__What you need to do__.
In the records that follow, find each line containing "Beautiful" and copy it.

[Items from a dataset]
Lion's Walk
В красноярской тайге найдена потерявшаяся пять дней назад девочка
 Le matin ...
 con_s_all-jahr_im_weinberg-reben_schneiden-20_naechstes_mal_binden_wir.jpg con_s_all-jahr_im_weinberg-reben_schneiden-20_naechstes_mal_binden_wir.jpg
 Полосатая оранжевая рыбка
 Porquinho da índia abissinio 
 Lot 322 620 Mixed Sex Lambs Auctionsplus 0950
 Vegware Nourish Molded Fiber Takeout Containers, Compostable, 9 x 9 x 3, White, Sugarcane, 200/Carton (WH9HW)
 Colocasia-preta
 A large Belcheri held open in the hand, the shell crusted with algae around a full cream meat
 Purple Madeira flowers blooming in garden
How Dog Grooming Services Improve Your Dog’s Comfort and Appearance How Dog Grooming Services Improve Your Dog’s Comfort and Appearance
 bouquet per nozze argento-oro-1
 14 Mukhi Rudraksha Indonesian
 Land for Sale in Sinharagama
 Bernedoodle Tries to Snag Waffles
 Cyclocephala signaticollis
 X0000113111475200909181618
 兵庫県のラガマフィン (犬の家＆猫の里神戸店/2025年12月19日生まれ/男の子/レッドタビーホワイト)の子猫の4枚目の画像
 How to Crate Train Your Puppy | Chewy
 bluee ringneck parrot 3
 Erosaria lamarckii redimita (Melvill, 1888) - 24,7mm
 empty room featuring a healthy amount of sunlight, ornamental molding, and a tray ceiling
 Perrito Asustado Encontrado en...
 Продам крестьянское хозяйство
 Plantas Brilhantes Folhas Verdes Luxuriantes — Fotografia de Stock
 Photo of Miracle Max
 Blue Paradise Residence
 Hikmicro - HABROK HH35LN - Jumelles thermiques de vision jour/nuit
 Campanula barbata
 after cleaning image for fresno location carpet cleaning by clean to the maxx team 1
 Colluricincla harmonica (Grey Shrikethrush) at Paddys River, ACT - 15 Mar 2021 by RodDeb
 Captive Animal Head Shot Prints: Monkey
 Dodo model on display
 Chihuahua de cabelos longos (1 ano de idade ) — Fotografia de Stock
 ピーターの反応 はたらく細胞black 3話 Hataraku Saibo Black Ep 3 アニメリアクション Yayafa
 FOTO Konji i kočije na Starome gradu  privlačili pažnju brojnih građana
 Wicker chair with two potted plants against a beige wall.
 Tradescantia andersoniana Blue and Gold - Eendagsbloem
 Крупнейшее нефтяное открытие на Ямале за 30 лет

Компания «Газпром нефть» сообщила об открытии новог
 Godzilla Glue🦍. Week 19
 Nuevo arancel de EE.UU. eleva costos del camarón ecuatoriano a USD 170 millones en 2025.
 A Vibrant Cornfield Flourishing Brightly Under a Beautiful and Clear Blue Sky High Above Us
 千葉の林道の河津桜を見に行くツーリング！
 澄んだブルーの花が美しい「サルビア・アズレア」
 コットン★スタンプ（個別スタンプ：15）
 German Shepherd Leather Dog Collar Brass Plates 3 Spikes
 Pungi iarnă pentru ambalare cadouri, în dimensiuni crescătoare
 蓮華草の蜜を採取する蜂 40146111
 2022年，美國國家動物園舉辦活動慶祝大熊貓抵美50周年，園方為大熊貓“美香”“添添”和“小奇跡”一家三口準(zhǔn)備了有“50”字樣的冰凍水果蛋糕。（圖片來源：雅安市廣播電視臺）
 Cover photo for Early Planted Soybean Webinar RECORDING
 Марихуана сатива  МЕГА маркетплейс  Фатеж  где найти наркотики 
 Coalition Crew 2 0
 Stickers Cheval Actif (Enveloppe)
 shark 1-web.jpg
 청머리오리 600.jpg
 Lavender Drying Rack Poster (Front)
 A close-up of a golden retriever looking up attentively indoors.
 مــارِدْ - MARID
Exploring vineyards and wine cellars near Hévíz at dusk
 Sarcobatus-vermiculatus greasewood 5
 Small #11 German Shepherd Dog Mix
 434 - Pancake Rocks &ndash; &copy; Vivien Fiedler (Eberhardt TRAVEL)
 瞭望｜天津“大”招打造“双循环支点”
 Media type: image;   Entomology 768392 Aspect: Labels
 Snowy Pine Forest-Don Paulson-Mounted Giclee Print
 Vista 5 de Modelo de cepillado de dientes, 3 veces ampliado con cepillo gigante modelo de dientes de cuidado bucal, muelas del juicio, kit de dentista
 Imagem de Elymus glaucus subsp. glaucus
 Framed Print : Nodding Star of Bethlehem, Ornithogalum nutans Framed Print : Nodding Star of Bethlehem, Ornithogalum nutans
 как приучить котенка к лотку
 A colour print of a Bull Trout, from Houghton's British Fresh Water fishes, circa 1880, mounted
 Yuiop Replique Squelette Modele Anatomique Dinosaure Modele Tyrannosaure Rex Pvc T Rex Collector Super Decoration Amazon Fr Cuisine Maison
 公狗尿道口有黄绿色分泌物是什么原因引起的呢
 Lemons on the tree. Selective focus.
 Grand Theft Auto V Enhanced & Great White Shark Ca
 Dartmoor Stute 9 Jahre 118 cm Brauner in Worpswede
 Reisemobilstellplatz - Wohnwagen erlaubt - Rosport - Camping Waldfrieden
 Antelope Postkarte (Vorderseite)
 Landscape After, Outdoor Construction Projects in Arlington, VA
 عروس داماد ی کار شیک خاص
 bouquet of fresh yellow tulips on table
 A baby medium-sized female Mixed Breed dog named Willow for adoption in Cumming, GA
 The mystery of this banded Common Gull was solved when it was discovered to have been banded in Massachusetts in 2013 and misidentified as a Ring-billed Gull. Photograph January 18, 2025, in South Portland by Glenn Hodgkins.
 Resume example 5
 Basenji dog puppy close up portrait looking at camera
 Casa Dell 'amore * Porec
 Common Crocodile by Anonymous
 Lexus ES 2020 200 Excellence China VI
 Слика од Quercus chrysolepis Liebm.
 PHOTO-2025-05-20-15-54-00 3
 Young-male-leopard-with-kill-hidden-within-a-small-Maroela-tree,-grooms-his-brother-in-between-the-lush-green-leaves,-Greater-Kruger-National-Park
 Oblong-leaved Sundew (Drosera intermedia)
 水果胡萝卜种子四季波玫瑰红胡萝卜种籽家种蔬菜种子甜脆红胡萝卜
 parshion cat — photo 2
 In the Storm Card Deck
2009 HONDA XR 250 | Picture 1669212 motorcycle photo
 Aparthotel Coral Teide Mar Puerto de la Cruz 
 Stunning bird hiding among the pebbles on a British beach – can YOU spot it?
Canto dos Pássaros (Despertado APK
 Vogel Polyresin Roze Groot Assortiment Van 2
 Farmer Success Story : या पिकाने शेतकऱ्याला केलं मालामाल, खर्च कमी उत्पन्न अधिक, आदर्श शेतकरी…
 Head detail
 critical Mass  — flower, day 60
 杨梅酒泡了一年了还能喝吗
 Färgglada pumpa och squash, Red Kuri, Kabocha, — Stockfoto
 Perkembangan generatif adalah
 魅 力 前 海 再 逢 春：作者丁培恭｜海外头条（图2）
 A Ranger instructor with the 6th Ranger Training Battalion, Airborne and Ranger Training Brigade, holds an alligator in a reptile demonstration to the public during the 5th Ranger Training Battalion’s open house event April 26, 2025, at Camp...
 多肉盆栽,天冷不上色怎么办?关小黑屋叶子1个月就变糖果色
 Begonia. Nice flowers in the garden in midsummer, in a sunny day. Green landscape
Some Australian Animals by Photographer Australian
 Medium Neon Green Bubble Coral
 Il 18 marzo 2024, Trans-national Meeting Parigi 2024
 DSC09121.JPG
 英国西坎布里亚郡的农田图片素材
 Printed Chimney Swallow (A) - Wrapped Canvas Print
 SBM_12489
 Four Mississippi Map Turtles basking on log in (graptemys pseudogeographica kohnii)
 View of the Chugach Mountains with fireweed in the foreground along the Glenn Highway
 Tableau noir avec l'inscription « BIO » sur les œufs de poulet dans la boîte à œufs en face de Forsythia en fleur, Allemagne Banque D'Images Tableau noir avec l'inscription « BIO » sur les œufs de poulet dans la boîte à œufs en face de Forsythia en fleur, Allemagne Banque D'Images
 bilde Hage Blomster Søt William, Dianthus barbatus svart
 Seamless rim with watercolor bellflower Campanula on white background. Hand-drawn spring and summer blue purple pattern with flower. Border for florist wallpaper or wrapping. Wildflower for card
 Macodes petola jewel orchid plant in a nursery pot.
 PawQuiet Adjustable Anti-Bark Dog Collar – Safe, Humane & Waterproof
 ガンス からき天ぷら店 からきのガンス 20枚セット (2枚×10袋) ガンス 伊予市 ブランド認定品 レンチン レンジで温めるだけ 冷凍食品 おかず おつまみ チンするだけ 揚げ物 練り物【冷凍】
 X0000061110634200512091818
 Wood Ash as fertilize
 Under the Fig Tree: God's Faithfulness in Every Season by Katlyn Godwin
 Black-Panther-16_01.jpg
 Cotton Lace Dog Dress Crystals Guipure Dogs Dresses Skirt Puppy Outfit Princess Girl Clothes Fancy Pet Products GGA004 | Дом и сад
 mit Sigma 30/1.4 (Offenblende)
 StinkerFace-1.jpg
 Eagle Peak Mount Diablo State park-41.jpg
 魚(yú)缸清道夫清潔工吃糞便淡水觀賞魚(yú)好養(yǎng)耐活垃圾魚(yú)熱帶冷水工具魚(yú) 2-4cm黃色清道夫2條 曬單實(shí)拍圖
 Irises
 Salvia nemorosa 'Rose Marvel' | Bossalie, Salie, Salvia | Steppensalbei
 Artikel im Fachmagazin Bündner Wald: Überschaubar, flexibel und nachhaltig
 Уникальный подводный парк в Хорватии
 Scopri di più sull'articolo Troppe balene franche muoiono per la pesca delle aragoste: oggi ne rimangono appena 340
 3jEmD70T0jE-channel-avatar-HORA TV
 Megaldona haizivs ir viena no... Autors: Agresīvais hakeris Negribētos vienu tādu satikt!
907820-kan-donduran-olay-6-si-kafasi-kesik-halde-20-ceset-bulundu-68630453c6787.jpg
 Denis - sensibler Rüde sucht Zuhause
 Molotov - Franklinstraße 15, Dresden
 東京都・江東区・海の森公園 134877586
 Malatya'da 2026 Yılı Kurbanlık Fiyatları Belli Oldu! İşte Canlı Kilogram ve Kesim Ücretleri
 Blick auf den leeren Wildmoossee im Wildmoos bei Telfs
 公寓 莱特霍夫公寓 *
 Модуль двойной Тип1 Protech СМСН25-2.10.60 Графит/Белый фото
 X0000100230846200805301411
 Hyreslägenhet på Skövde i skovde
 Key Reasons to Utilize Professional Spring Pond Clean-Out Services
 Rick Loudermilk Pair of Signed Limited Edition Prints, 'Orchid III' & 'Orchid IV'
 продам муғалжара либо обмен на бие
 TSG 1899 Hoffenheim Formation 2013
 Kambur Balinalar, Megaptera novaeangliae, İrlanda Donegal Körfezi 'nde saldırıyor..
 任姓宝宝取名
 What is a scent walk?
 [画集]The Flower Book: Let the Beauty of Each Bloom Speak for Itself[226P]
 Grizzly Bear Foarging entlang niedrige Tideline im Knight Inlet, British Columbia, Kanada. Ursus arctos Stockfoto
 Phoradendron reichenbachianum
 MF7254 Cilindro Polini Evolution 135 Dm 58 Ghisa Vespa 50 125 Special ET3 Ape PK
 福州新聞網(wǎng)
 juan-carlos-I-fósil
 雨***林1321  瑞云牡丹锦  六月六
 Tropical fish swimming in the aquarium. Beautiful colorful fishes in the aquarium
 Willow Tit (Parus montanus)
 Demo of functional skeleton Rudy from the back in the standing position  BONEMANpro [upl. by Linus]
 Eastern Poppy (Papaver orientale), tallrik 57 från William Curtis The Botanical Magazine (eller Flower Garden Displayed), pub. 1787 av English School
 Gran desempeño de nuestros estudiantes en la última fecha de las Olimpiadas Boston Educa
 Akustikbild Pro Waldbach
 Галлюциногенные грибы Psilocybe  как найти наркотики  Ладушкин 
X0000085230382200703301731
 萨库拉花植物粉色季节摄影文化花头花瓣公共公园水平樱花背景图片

__Exercise response__.
 A Vibrant Cornfield Flourishing Brightly Under a Beautiful and Clear Blue Sky High Above Us
 Tropical fish swimming in the aquarium. Beautiful colorful fishes in the aquarium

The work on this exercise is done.